Assignment -
Copy out each line of the material exactly. Pictures do not belong in the copy.

Data excerpt -
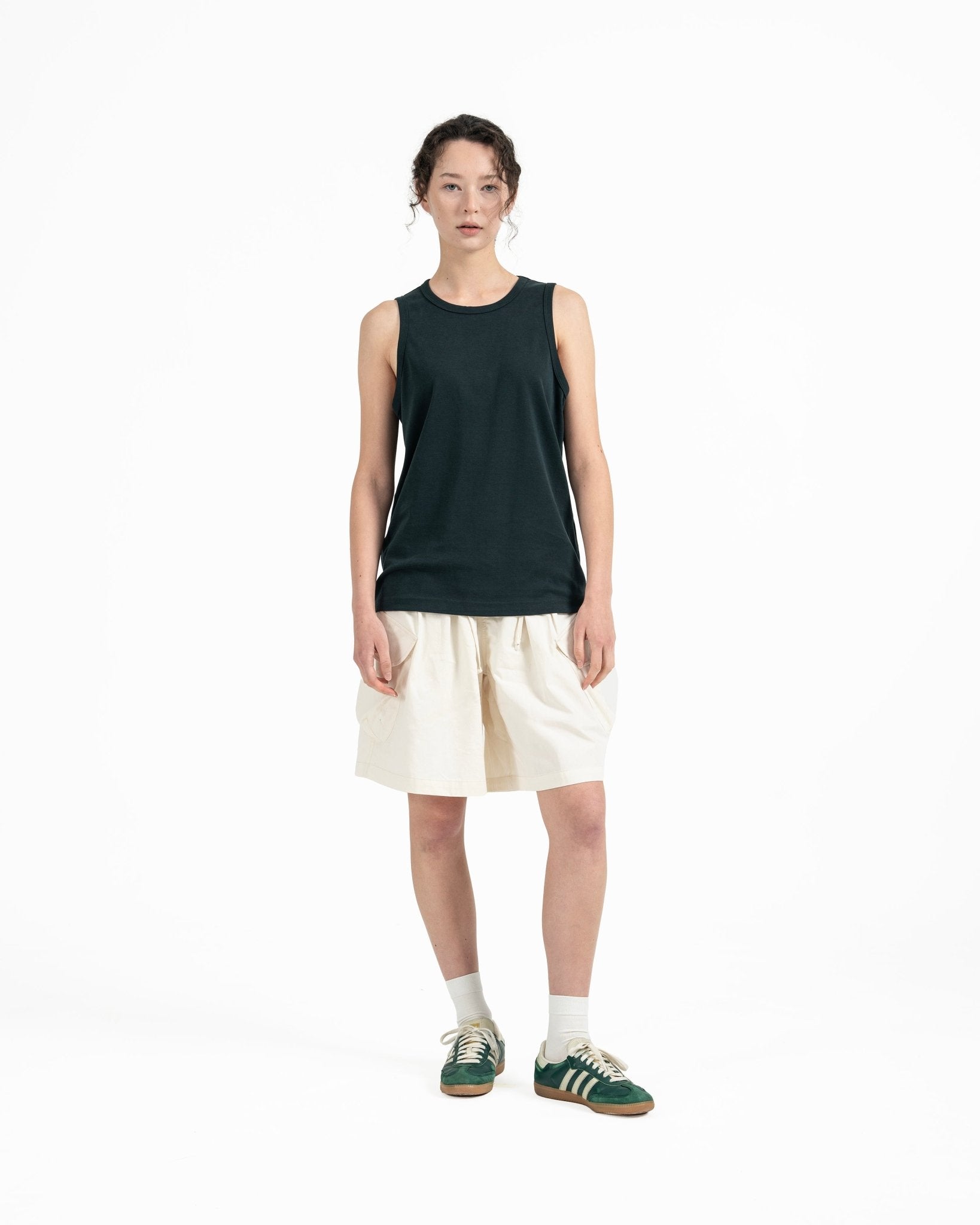 Cupro Sleeveless Tee - Grayeen - G R A Y E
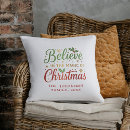 Search for believe christmas pillows Simple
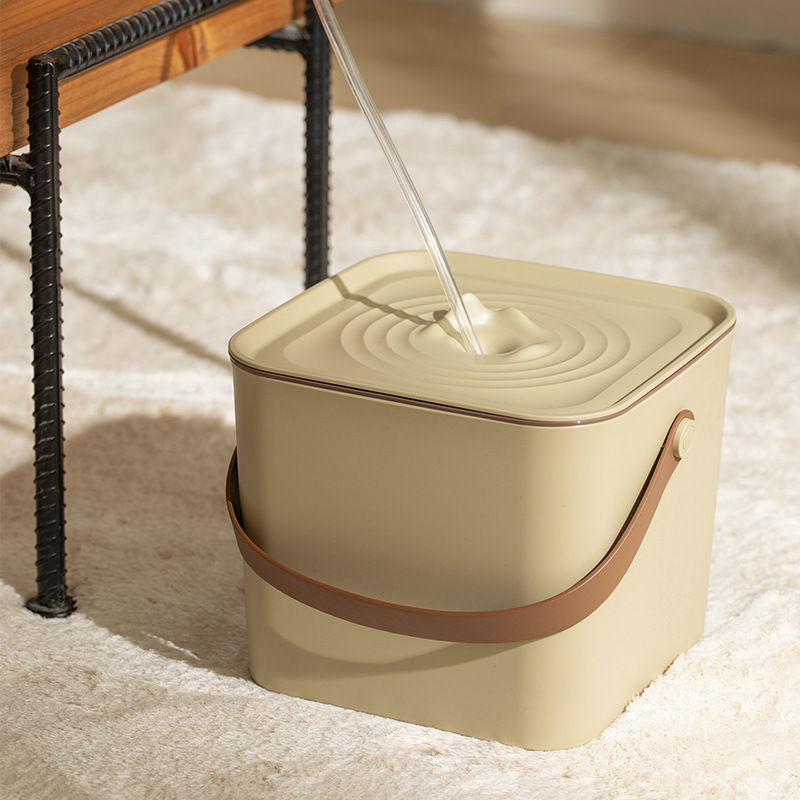 Ведро для чая Гуаньшань, ведро для сточных вод, чайный набор, мусорное ведро для чайного стола, поднос для чая, дренажное ведро, прозрачное ведро для чая, ведро для чайных отходов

Exercise output -
 Cupro Sleeveless Tee - Grayeen - G R A Y E
 Search for believe christmas pillows Simple
 Ведро для чая Гуаньшань, ведро для сточных вод, чайный набор, мусорное ведро для чайного стола, поднос для чая, дренажное ведро, прозрачное ведро для чая, ведро для чайных отходов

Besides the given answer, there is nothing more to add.